The search for property is often focused on what’s coming next, what new home is on the market and which suburb is the next up and comer. But taking a look back is often equally as informative.
Whether you’re an avid investor or a coast-to-country dreamer browsing the pages of Allhomes magazine each week, the notion of “home” is one that unites us. After all, memories are made within four walls.
We chat to five Canberra agents who take us back to a simpler time, back to their childhood homes, when Garran was on the very outskirts of Canberra and a $1 million property sale made for a city-wide record.
Licensed agent
For Vatavuk, growing up in suburbia was as idyllic as it could get. The family-oriented suburb of Holt provided the backdrop for a safe and simple upbringing, forging memories that still last to this day.
“When you’re out in the suburbs as young kids, you’d go to leave the house at daybreak and come back at night fall and nobody would bat an eye,” Vatavuk says.

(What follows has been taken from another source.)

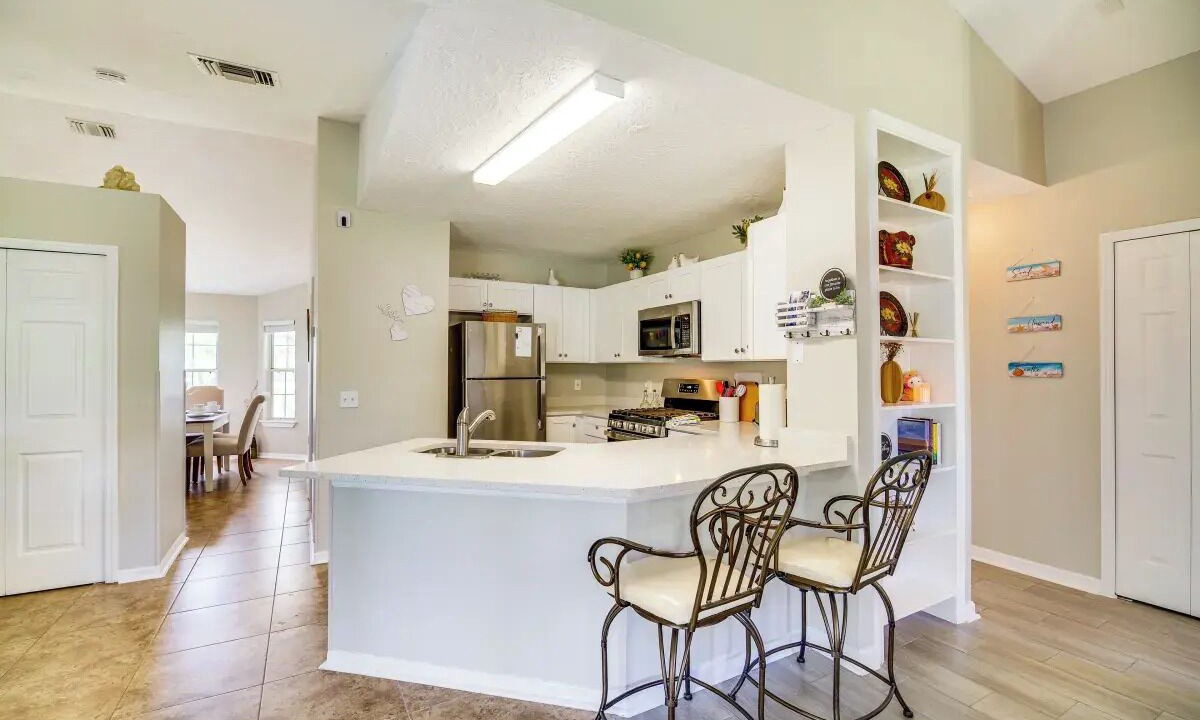Photo of Kitchen in Melbourne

“I’d take off with friends on my bike, do jumps, roam the streets and it was a fun time and place to just be a kid.”
Adamant urging from his parents led Vatavuk to purchase his first home in Ngunnawal at age 26, but it was in Watson where he re-connected to the strong community atmosphere he valued so much as a child.

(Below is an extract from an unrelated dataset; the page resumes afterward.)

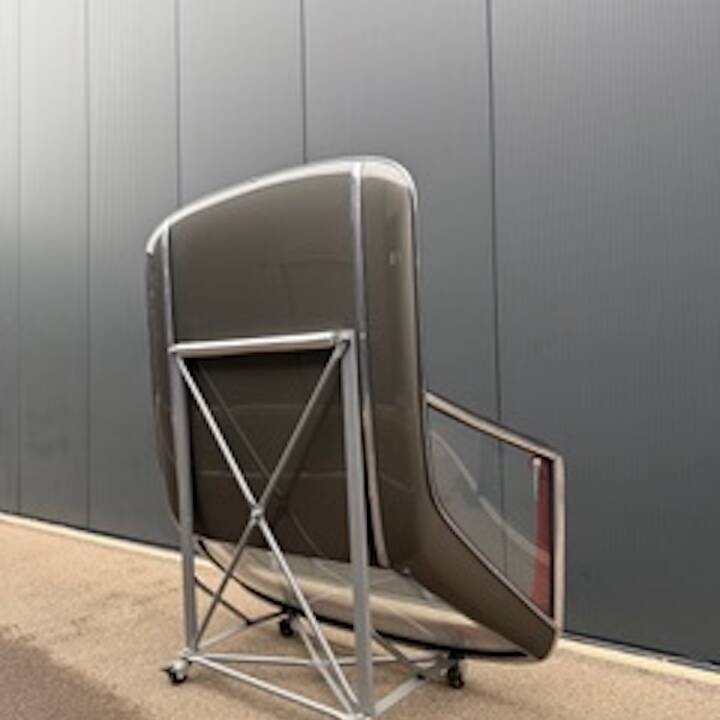 Afbeelding 58/59 van Mercedes-Benz 230 SL (1966)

On a large corner block with a veggie patch to the side, he made life-long friends by sharing his homegrown hot chillies as they put up with his blasting metal music out the windows.
Sales consultant and operations manager
Independent Inner North & City
Butler-Kemp’s grandparents bought their Garran home back when Garran was considered the very outskirts of our city.
Now the suburb is enmeshed in south Canberra and the home is in the loving hands of Butler-Kemp and her husband.
Not only have they been able to keep the home in the family but they’ve thoughtfully renovated it to bring the style into the 21st century while holding on to all the character that Garran’s known for.
“I have really vivid memories of taking my barbies there to play under the shade of the gum trees at Garran Oval,” Butler-Kemp says.
“Then growing up and walking my dogs around it with my grandparents and now I love nothing more than wandering over and sitting under the trees. It’s really cool to see everything change around me, but the trees remaining just as they are.”
Sales consultant
While not technically a born and bred Canberran, being a third-generation Queanbeyan local surely counts for something.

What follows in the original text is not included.